You are viewing a plain text version of this content. The canonical link for it is here.
Posted to dev@jena.apache.org by "Andy Seaborne (JIRA)" <ji...@apache.org> on 2014/03/14 14:57:43 UTC

[jira] [Comment Edited] (JENA-625) Data Tables for SPARQL

    [ https://issues.apache.org/jira/browse/JENA-625?page=com.atlassian.jira.plugin.system.issuetabpanels:comment-tabpanel&focusedCommentId=13935035#comment-13935035 ] 

Andy Seaborne edited comment on JENA-625 at 3/14/14 1:57 PM:
-------------------------------------------------------------

h1. Data Tables for SPARQL

This project is about getting CSVs into a form that is amenable to SPARQL processing, and doing so in a way that is not specific to CSV files.  The project includes getting the right architecture in place for regular table shaped data.  The core abstraction is the PropertyTable.

A PropertyTable is collection of data that is sufficiently regular in shape it can be treated as a table.  That means each subject has a value for each one of the set of properties.  Irregularity in terms of missing values needs to be handeled but not multiple values for the same property.

With special storage, a PropertyTable 

* is more compact and more amenable to custom storage (e.g. a JSON document store)
* can have custom indexes on specific columns
* can guarantee access orders 

Providing these features is out of scope of the project but the architecture of the work must be mindful of these possibilities.

This project will involve basic mapping of CSV to RDF using a fixed algorithm, including interpreting data as numbers or strings.  The project is not attempting a fully configurable, template or rules based translation of CSV to RDF.  The W3C CSV-WG will working on a standard version of that and will not deliver a sufficient stable spec in the timeframe of the project.

(Background: see R2RML Direct mapping http://www.w3.org/TR/rdb-direct-mapping/)

h2. Example

Suppose we have a CSV file:
{noformat}
Town,Population
Southton,123000
Northville,654000
{noformat}

which has one header row, two data rows

As RDF this might be viewable as:

{noformat}
@prefix : <http://example/table> .
@prefix csv: <http://w3c/future-csv-vocab/> .

[ csv:row 1 ; :Town "Southton"   ; :Population 123000 ] .
[ csv:row 2 ; :Town "Northville" ; :Population 654000 ] .
{noformat}

or without the bnode abbreviation:
{noformat}
@prefix : <http://example/table> .
@prefix csv: <http://w3c/future-csv-vocab/> .

_:b0  csv:row 1 ;
      :Town "Southton" ;
      :Population 123000 .

_:b1  csv:row 2 ;
      :Town "Northville" ;
      :Population 654000 .
{noformat}


Each row is modelling one "entity" (here, a population observation).

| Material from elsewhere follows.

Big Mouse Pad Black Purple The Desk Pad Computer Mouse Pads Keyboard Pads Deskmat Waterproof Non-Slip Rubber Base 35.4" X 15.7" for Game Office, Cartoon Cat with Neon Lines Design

There is a subject (a blank node) and one predicate-value for each cell of the row.  Row numbers are added because it can be important. 

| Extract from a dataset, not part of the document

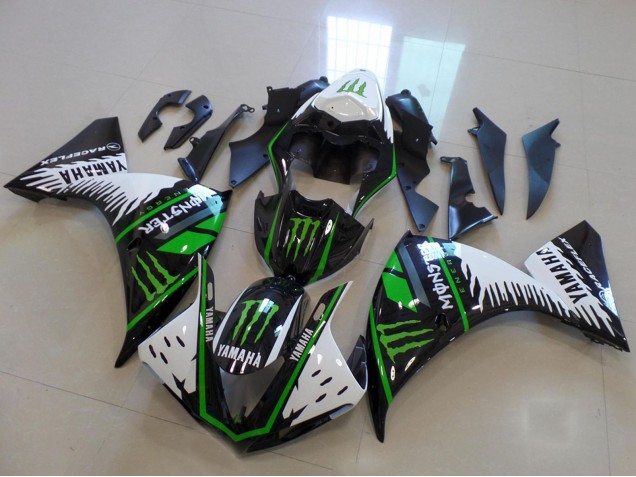 Mejores Carenado Moto Yamaha YZF R1 2012-2014 - Blanco Negro Verde Monstruo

Now the CSV file is viewed as an graph - normal, unmodified SPARQL can be used.  Multiple CSVs files can be multiple graphs in one dataset to give query across different data sources.

{noformat}
# Towns over 500,000 people.
SELECT ?townName ?pop {
{ GRAPH <http://example/population> {
    ?x :Town ?townName ;
       :Popuation ?pop .
    FILTER(?pop > 500000)
  }
} 
{noformat}

Like database views, this is the abstraction the application sees; it may be stored internally in a different way.

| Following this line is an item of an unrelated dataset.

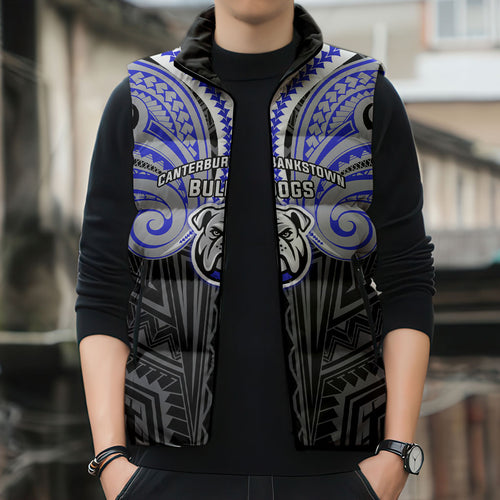 Custom Canterbury-Bankstown Bulldogs Sleeveless Puffer Jacket Bulldog Warrior Polynesia Islander Rugby Mascot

(Example - out-of-scope - If the property table is in a external store (a KeyValue store or Lucene or a JSON-ish document store (e.g.), then this BGP processing will be much faster).

h2. Work Items

Notes:

* not all work items are the same length.
* work item do not have to done in this order

h3. Phase 1 : Architecture and System

h4. Parse CSV

Code to take a CSV file, and emits 

This needs to be 
* a robust process with good error messages.
* stream based

Jena already has a CSV parser (CSVInputIterator) specifically for SPARQL Results in CSV but the [Apache Commons CSV|http://commons.apache.org/csv/‎] parser is more flexible.  However, it is a pull-parser.  

[This CSVParser|https://github.com/afs/AFS-Dev/blob/master/src/main/java/lib/CSVParser.java] is a push-parser, taking a stream destination for output (this would change from {{Sink<>}} to {{StreamRDF}}).  This can be incorporating into the project, with improvements, if it is the right processing style.

Lots of tests.

h4. Design {{PropertyTable}}

A table of RDF terms (in Jena, RDF term is called a {{Node}}).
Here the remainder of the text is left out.